Naumi’s newest hotel in Wellington, New Zealand, is the brand’s seventh property and is a refashioned People’s Palace hotel built by the Salvation Army in the late 19th century, packed with art and furniture pieces made by New Zealand creatives.

The future for Jhunjhnuwala and Naumi Hotels includes continuing to commit to sustainability and social impact. Its hotels all have wooden key cards and have eliminated all single-use plastics. Its ESG arm, Naumi Humanity, reaches out to local marginalised communities with employment initiatives and grants for further education.

Naumi Hotels has ambitions to expand beyond the APAC region and wherever the brand goes it wants to be known for making hospitality ‘holistically hospitable’.

 


Farah Marafie, creative director of AOI, UK

Luxury: Farah Marafie

Slow fashion collectibles

‘Clogs,’ says Kuwaiti-Lebanese designer Farah Marafie when asked what’s next for her luxury fashion label, AOI.

The Paris-based label is disrupting fashion’s addiction to speed by eschewing collections and producing what it calls ‘collectibles’. AOI releases duos of products twice a year, in unexpected pairs.
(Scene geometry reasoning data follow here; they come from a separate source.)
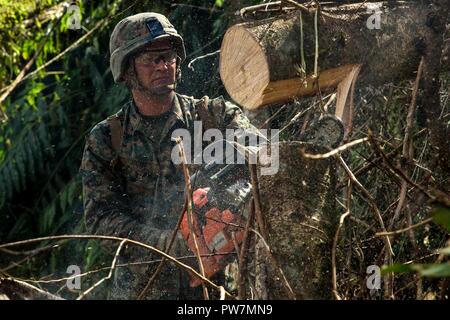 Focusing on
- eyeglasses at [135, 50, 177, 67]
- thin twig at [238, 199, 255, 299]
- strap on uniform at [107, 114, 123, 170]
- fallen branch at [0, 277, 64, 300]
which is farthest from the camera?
eyeglasses at [135, 50, 177, 67]

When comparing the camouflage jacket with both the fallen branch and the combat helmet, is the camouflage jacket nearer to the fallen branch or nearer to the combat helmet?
the combat helmet

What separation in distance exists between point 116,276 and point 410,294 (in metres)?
1.51

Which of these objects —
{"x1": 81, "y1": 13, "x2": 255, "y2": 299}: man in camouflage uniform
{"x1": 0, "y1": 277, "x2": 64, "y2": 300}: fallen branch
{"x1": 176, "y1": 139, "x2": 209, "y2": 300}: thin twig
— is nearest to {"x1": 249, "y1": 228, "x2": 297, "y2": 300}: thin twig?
{"x1": 176, "y1": 139, "x2": 209, "y2": 300}: thin twig

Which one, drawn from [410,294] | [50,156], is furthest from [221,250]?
[50,156]

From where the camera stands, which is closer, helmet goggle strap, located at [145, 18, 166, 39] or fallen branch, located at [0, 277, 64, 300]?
fallen branch, located at [0, 277, 64, 300]

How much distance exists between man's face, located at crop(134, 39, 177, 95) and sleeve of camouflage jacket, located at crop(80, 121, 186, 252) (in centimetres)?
32

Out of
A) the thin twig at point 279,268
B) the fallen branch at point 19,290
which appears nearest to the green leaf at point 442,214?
the thin twig at point 279,268

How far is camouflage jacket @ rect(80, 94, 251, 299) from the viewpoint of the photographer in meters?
5.07

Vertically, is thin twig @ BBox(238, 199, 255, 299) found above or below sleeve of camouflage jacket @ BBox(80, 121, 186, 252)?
above

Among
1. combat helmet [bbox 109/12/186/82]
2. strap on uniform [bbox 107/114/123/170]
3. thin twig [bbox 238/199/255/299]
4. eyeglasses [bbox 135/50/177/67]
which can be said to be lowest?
strap on uniform [bbox 107/114/123/170]

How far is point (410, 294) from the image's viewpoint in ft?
15.8

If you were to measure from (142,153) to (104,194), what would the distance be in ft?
1.00

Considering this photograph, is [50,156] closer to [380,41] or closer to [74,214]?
[74,214]

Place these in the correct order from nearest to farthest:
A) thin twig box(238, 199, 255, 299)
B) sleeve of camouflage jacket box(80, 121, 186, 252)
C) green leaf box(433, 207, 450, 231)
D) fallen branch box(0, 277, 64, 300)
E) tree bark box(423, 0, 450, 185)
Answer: green leaf box(433, 207, 450, 231), fallen branch box(0, 277, 64, 300), thin twig box(238, 199, 255, 299), tree bark box(423, 0, 450, 185), sleeve of camouflage jacket box(80, 121, 186, 252) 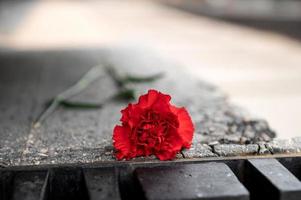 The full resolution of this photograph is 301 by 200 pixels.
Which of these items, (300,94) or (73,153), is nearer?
(73,153)

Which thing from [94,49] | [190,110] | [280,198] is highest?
[94,49]

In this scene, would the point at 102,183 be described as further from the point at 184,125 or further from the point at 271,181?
the point at 271,181

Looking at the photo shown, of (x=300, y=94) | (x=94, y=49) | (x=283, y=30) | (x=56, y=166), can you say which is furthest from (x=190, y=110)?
(x=283, y=30)

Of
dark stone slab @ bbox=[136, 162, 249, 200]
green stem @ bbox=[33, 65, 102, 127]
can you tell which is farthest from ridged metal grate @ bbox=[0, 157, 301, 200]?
green stem @ bbox=[33, 65, 102, 127]

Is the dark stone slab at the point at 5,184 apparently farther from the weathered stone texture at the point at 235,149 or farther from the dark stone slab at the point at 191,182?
the weathered stone texture at the point at 235,149

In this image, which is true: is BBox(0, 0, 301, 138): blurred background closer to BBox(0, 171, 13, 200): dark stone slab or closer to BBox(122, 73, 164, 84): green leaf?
BBox(122, 73, 164, 84): green leaf

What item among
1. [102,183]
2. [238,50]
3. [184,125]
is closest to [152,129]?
[184,125]

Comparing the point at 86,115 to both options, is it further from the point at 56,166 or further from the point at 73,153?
the point at 56,166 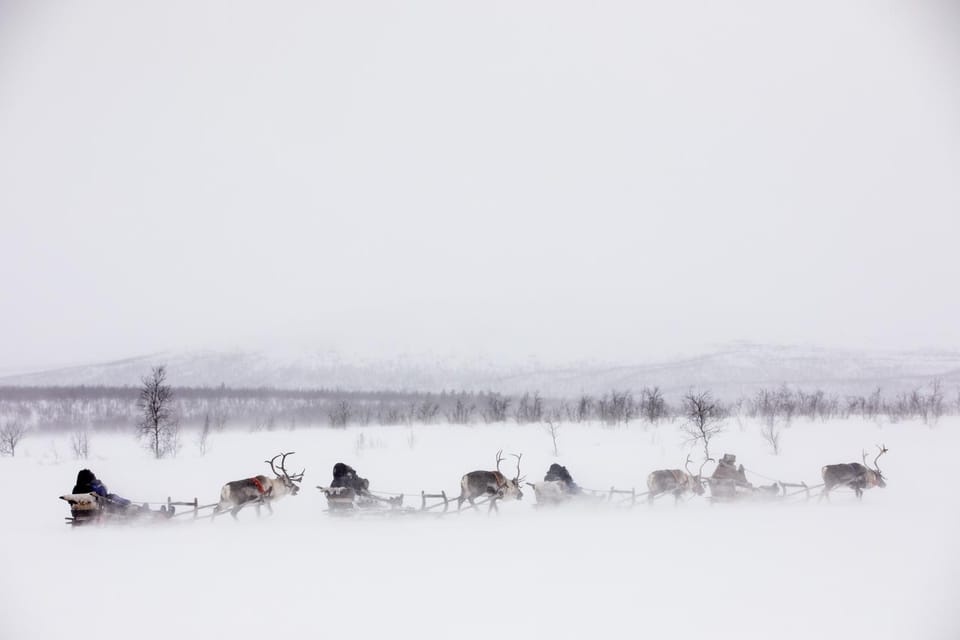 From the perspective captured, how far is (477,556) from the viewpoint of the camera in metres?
11.0

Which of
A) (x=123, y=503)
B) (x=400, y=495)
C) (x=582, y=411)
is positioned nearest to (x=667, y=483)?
(x=400, y=495)

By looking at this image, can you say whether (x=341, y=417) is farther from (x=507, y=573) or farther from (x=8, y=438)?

The first drop featured silk suits and rings, the second eyewear and coats.

No matter how popular, once sold out, AOI’s wearable works of art are gone; nothing is reproduced, restocked or re-released. The label’s focus is on quality materials, craftsmanship and creating at a considerate pace.

‘I like sharing with my collectors how long each collectible took to make: where it was made, how many hands made it,’ says Marafie. She sees AOI as part of a slow but steadily shifting movement in luxury, helping consumers become more cognisant of their consumption.